One of those documents is a map used by Juan de Oñate, a Spanish conquistador who passed through Texas looking for Gran Quivira, the fabled city of gold. The early 17thcentury map shows an area called Tejas to the southeast of where Gran Quivira was supposed to be. To García Ruiz, this earlier reference to the word "Tejas" invalidates the idea that the word originated with Massanet’s encounter with the Caddo.
“I Cannot Imagine the Amount of Resistance”
But García Ruiz's claim doesn't just reframe a historical account; if true, it would dismantle a core part of the Texas identity. And it's unlikely most Texans would allow that to happen easily.
“Even if this Spaniard’s revisionist interpretation is correct, I cannot even begin to imagine the resistance there will be to accepting that there is a different reason why Texas is called 'Texas,'” says Harriet Joseph, a professor of history at the University of Texas Rio Grande Valley and the author of several books on Spanish Texas.

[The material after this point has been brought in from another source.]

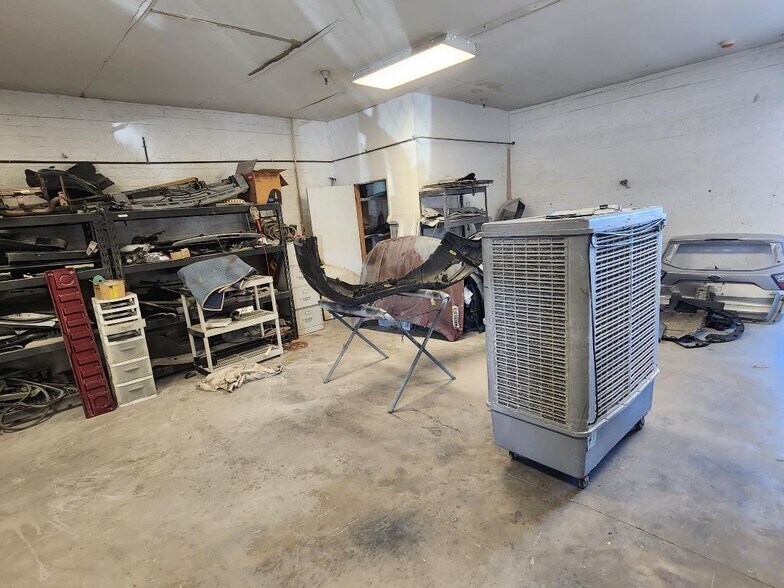 More Photos Of 2017 W Ironwood Dr, Phoenix Service For Sale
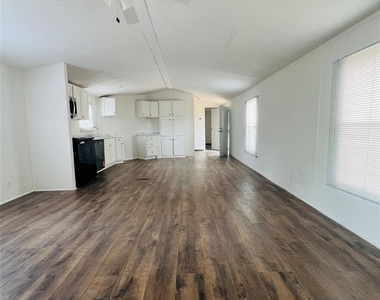 395 Pashun Lane - Photo Thumbnail 10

Joseph hasn’t read García Ruiz’s book, and hasn't evaluated its claims. But the book reminded her of another Texas history controversy: the diary of José Enrique de la Peña.

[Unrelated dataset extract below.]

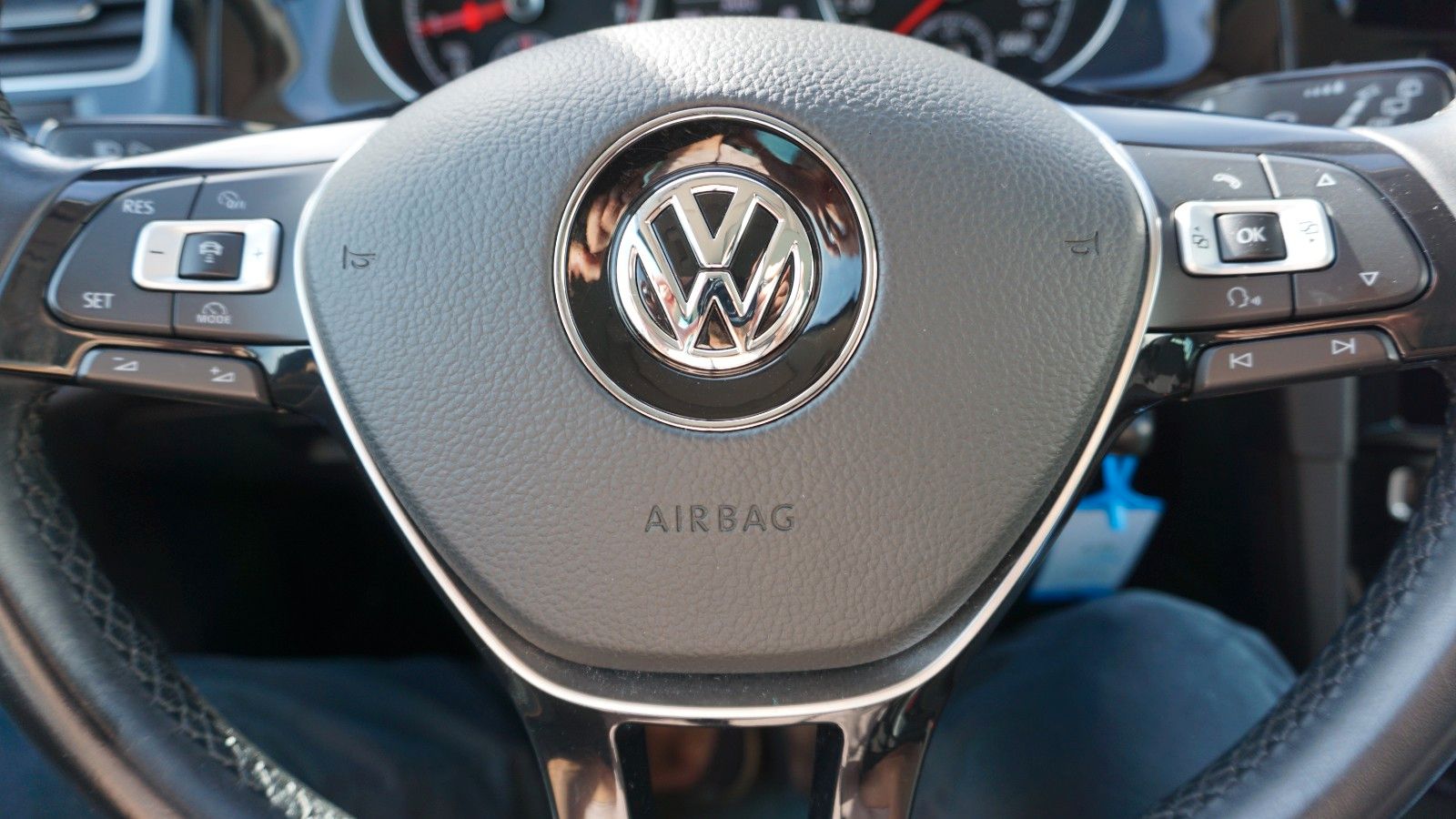 Fahrzeugabbildung Volkswagen Golf VII Variant Sound Panorama,ACC,AppleCarPlay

De la Peña served in the Mexican army under General Antonio López de Santa Anna. He fought during the Texas Revolution, including at the Alamo. De la Peña’s diary emerged in 1955, and was translated into English two decades later. Its claims caused quite a stir among Texas historians.

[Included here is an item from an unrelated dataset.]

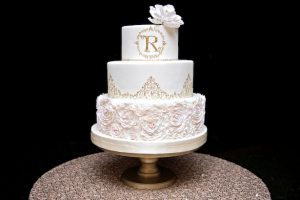Elegant Wedding Cake - Kristen Weaver Photography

“Significantly, in terms of the impact to the Texas psyche,” Joseph says. “De la Peña claims that some six or seven Texans at the end were taken prisoner.”
Including Davy Crockett. But this goes against the popular narrative of the Alamo, in which all of its defenders died on their feet, fighting the Mexican army. For some, the idea that Crockett – a titan of Texas history – was taken captive rather than died fighting, was too much to take. Historians published competing books supporting and refuting the claims in de la Peña's diary. They bickered with one another on panels. And even now, when most historians agree about the diary’s authenticity, a few holdouts still have their doubts.
For professor Joseph, the de la Peña controversy shows what García Ruiz is up against.García Ruiz’s thesis will be poked and prodded by other historians to see if it stands up, kind of like a science experiment. In his book, he doesn’t just say that the word Texas didn’t come from a meeting with the Caddo; he also proposes a new theory, altogether, about where the word came from, and its original meaning.
When Spain was an imperial power in the region, it wasn’t its custom to adopt native names; the Spanish used their own words. Think about the names of Texas rivers: the Brazos, the Rio Grande, the Comal, the Guadalupe, to name just a few. They were all given Spanish names by Spanish explorers. García Ruiz wondered why the word "Texas" would be any different. So, he went looking for some old Spanish words that might give him some clues, and he thinks he may have found one.
If not Friendship, Then What?
In a dictionary from 1495, García Ruiz found the words "tejo" and "teja" – they’re Spanish words for the yew tree.
The yew trees found in Spain don't grow in East Texas. But there is a tree whose Latin name literally means "similar to the yew": the bald cypress, or Taxodium distichum. García Ruiz theorizes the Spanish saw the bald cypress, recognized its similarity to the yew – or the teja, as they would have called it – and used the word to name the place.
García Ruiz knows that this likely won’t be a popular theory; he’s fighting against the long-standing friendship story.
“It’s more simple to accept it, you know?” he says. “It’s like a commercial, a slogan; the name of the state is related to friendship, and it’s a native word. It’s marketable.”